# Rena XP1 issues



## secretaccount (May 30, 2010)

Hi everyone,

Long time lurker here; was into this hobby a few years back, but I've stopped and decided to start a few days ago.



I just bought an aquarium setup which included a used Rena XP1 canister filter.

Right from the start I realized there was a circle ring that was hollow. I need to get a rubber seal (o-ring) for it.

The second part was that the impeller part looked like it was missing something... The end parts of the shaft weren't there. It was just the impeller and shaft, but not the black knob part.


I tested it out anyways, and for the most part, it's worked. Priming works, but it doesn't fill up all the way; there's a 2" gap in the canister. I got this to fill up by slightly taking out one clamp and shutting it back down before too much water came out. The next day I noticed the water level in the canister dropped back down 2" again. I used the same method again and it's still full so far (maybe it's a fluke).


So for the most part, it works, but would changing the impeller and the gaskets/o-ring fix this these issues? Is this the cause for the canister not filling up/priming perfectly? I'm considering taking a loss and just buy an AC300, instead of replacing these parts.


Thanks in advance for any input!


----------



## Diztrbd1 (Apr 21, 2010)

Replacing the parts may help, King Eds carries most of them I believe. In my experience there will always be a small gap of air in the top. I can never get rid of it in mine. I tilt it from one side to the other several times while it's running and it helps remove most of it. But usually always an air pocket in the top. Runs fine and quiet regardless of that however.


----------



## secretaccount (May 30, 2010)

Thanks for the input!

The cost of the replacement impeller costs $32.95 and the gasket kit costs $10.95 at J&L Aquatics. Although I _think_ I can buy the gasket parts at Home Depot for a lot cheaper.

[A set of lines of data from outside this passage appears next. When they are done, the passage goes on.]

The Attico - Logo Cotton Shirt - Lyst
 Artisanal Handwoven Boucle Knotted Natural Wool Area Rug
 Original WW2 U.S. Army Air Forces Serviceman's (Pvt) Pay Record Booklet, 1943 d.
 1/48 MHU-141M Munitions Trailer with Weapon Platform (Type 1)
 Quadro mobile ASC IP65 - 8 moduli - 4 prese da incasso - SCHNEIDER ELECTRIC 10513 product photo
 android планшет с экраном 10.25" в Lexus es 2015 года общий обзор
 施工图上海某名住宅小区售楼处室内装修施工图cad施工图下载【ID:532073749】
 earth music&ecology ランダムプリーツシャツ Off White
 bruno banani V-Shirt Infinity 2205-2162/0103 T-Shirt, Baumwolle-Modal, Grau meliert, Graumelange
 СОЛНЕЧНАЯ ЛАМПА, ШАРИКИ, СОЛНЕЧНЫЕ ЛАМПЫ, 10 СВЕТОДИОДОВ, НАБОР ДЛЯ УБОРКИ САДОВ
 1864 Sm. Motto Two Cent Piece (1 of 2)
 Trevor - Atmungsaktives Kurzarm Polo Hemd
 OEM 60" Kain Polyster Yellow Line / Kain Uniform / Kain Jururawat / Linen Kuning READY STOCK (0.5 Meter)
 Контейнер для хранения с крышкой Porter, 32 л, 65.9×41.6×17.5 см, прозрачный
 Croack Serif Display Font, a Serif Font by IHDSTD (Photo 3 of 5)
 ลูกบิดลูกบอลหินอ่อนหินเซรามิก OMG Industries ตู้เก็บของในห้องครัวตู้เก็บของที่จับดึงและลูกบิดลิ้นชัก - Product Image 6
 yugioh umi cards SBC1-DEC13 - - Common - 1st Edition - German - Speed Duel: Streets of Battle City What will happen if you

Buying an AC70/300 new is $47.95 there, too. I'm just worried even after replacing the parts, these issues still wouldn't be fixed. Right now I'm still running it just to test it and it's working good for the most part. It's not as quiet as I thought it would be, but I do have a few kinks in there.

Also, would the small gap cause the motor to overheat? I assumed the water at the top would lubricate/cool it.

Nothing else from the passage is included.